This exercise calls for the line with "Copper Self-Adhesive Stainless", the line with "High Quality Laptop", and all lines between them in the material below, output exactly and with no other lines.

── Provided material ──

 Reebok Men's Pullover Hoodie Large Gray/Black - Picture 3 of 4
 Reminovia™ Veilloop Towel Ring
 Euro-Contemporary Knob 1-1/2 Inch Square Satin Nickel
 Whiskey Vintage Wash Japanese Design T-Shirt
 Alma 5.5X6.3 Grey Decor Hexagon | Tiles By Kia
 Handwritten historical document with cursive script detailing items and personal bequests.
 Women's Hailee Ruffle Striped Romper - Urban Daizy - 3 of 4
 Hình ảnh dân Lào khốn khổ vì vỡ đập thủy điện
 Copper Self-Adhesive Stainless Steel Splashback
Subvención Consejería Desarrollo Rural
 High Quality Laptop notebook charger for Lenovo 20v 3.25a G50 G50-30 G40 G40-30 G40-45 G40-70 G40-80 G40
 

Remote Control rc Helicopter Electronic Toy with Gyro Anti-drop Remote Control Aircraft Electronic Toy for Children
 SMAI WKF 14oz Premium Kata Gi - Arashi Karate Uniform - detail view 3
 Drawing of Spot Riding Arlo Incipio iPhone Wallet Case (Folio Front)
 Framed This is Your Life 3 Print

───

• _Completed exercise_:
 Copper Self-Adhesive Stainless Steel Splashback
Subvención Consejería Desarrollo Rural
 High Quality Laptop notebook charger for Lenovo 20v 3.25a G50 G50-30 G40 G40-30 G40-45 G40-70 G40-80 G40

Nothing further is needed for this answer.